Because of this, as well as the well renowned Debian openness and stability, I jumped on the Debian bandwagon, leaving behind my tried and true Mandrake and RH/Fedora. I used more up to date Mepis releases, as well as Knoppix, Kanotix, pure Debian Sarge, then, of course, Ubuntu.
But I started noticing the inherant problems of using Debian testing or unstable. Major system files would become screwed up. Installing something that is on a new release cycle of Sid would cause apt to try to remove a boat load of other stuff (like the entire KDE when I was simply trying to install GEdit). The testing and unstable repositories are extremely volitile, and being that apt resolves dependencies and keeps everything in sync, installing new stuff can cause your system to get inadveratly hosed. So basically, using Debian testing or unstable is a major crap shoot, and usually leads to eventual problems.
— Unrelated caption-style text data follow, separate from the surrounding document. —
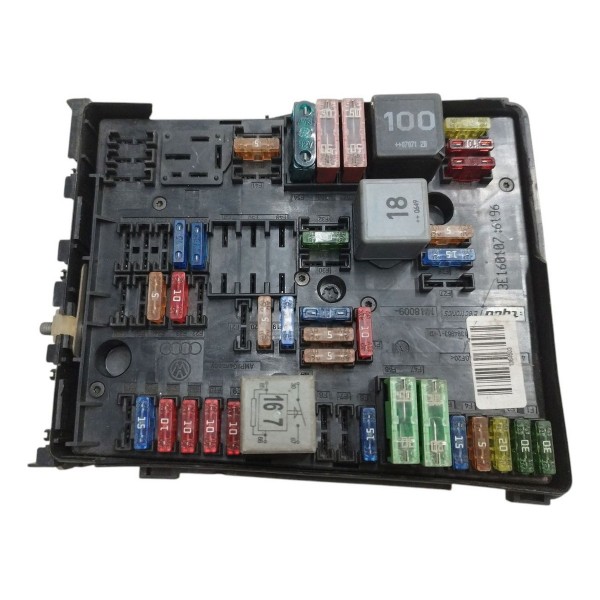 Caixa Fusível Audi A3 Sportback 2.0 2009 2010 2011 2012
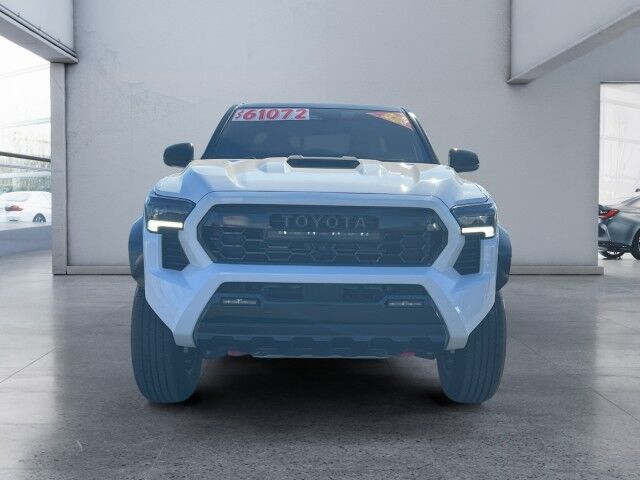 2025 Toyota Tacoma 4WD TRD Pro Hybrid Yuma AZ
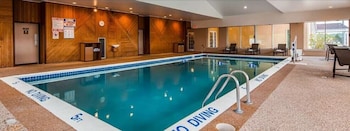 sault superior place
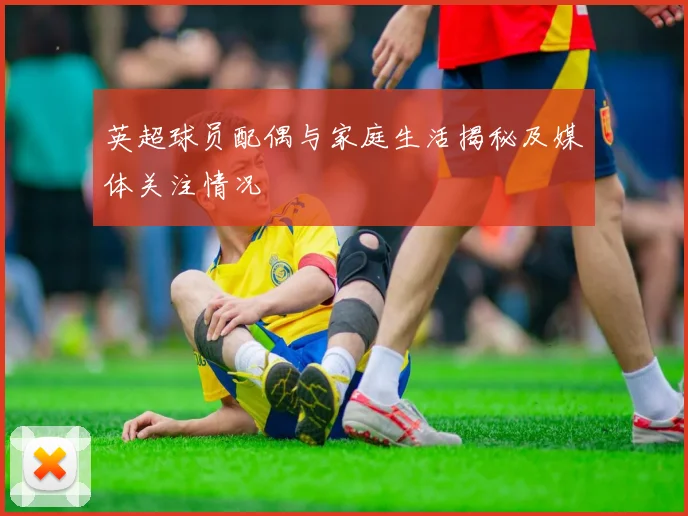 英超球员配偶与家庭生活揭秘及媒体关注情况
Thus, I think it’s best to either go with pure Debian stable (and stay there), or go with a Debian derivative that manages it’s own repos (like Linspire, with it’s kick-butt Click-n-Run warehouse), or to go with one of the big RPM distros (Mandriva, SuSE, Fedora).
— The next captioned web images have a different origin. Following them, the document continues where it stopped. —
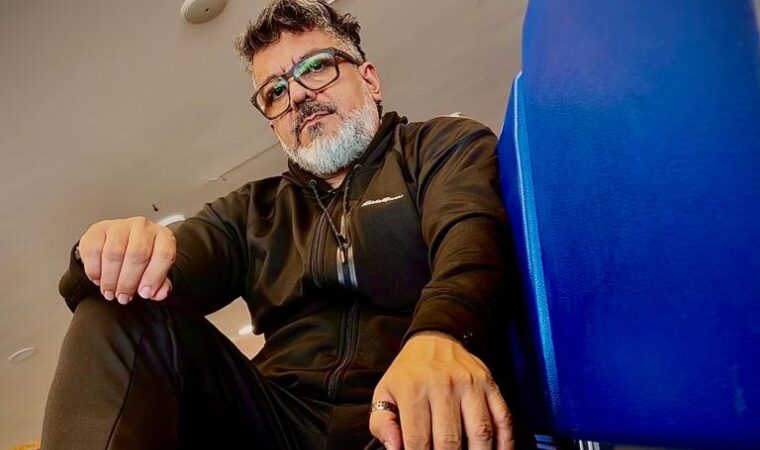 Grandes oportunidades hoy hacen de Roberto Sivira un exitoso profesional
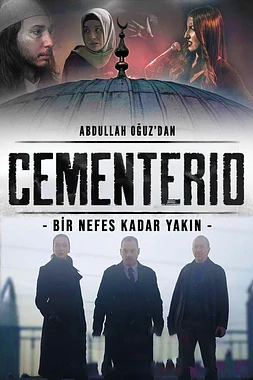 Cementerio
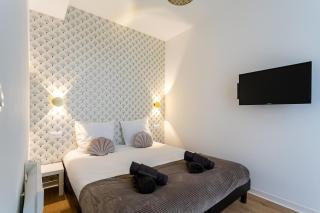 Strasbourg centre logement cosy - 9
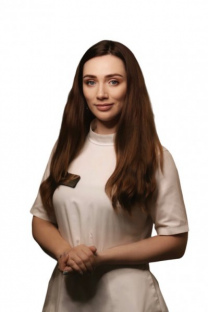 Шестакова Светлана Игоревна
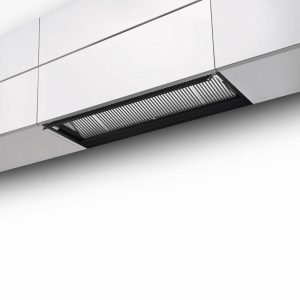 Faber IN-NOVA ZERO DRIP LITE BK A90 vestavná digestoř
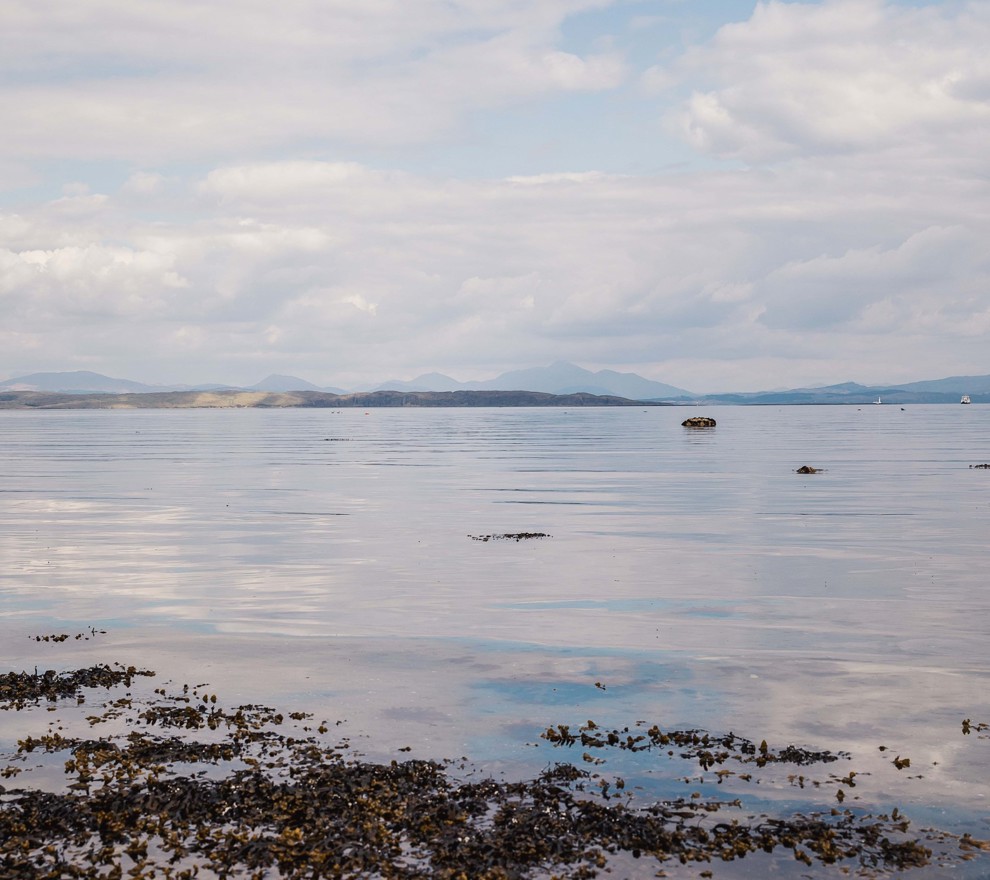 Isle Of Mull Hotel And Spa Location00003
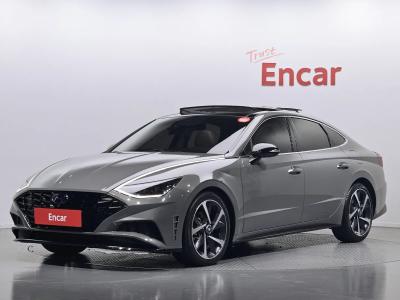2020 Hyundai Sonata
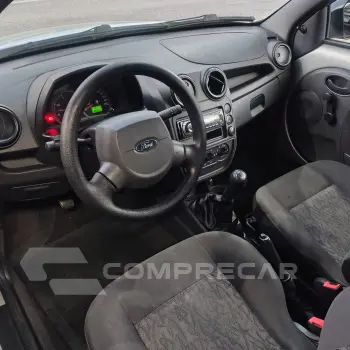 KA 1.0 MPI 8V
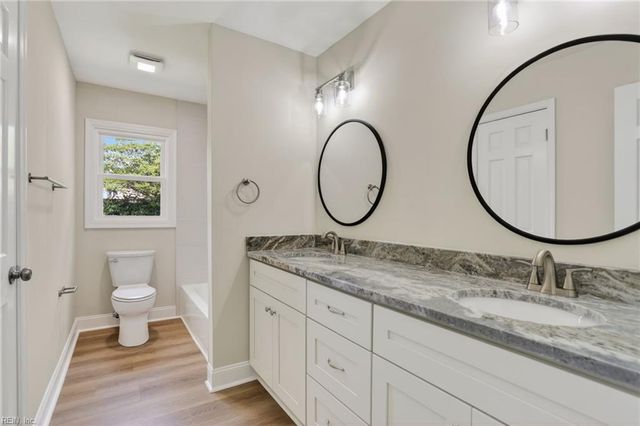 659 W Fox Grove CT, Virginia Beach, VA 23464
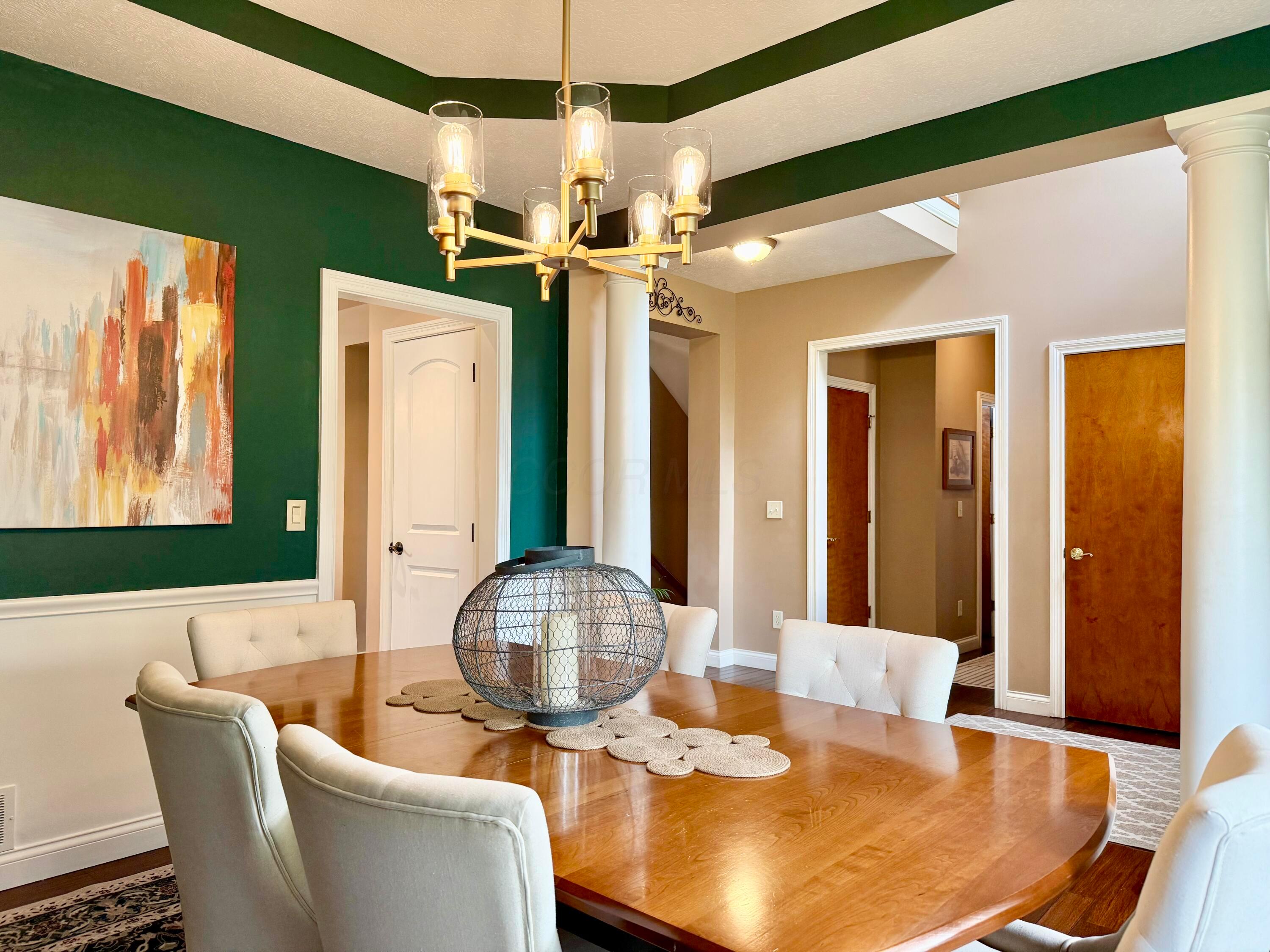 7781 Kelly Drive, Dublin, Ohio image 21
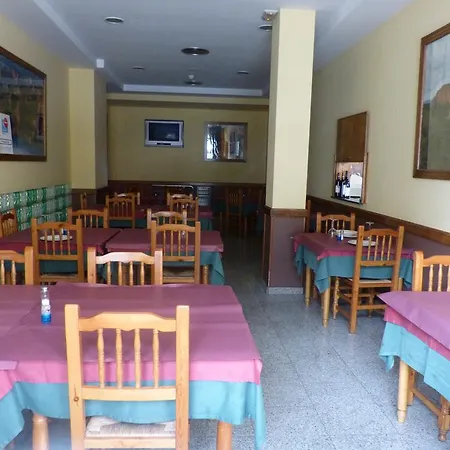 Hotel El Ancla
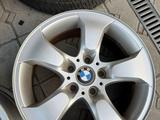 Диски оригинал привозные BMW за 125 000 тг. в Алматы – фото 2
I went back to my tried and true Mandriva – better (more stable, more trouble free) package repos, great RPMDrake (equal to or better than Synaptic), great Madriva Control Center (superior to anything in Ubuntu or any other Deb-based distro), great installer (beautiful, easy, powerful, fast), great speed and stability, and great look-n-feel.
Exactly. When I first tried a Debian derived distro (at that time, Mepis 2003), I was absoutely thrilled with the instant access to over 15,000 packages, and done so very easily with either the command line (apt-get install foo) or the GUI frontends KPackage or Synaptic. [snip] But I started noticing the inherant problems of using Debian testing or unstable.
Yes that has also been my experience on Debian (I am typing this on Sid) though I think it is possible to remain OK with Sid for a long while if you are careful about upgrading packages and make use of pinning – apt-get upgrade etc being a complete no-no. However, I do keep SuSE 10 up to date and ready to roll on another partition just in case.
I guess Ubuntu is testament to the notion that it is often easier to start with a clean sheet and a new team. Trying to organize a “deb desktop” branch from within pure Debian sounds like a job for Sisyphus given their traditions and already overstretched resources. It’s a great pity really as I think they’ve completely missed the boat on a chance to make their name, as pure Debian, on desktop Linux but the good news is that we have Ubuntu and others to go with instead.
But I started noticing the inherant problems of using Debian testing or unstable. Major system files would become screwed up. Installing something that is on a new release cycle of Sid would cause apt to try to remove a boat load of other stuff (like the entire KDE when I was simply trying to install GEdit). The testing and unstable repositories are extremely volitile, and being that apt resolves dependencies and keeps everything in sync, installing new stuff can cause your system to get inadveratly hosed. So basically, using Debian testing or unstable is a major crap shoot, and usually leads to eventual problems.
This doesn’t mirror my own experience at all. The last time I did a clean reinstall was in spring 2002. I installed Debian Stable, but almost immediately upgraded to Unstable, which I’ve been running since.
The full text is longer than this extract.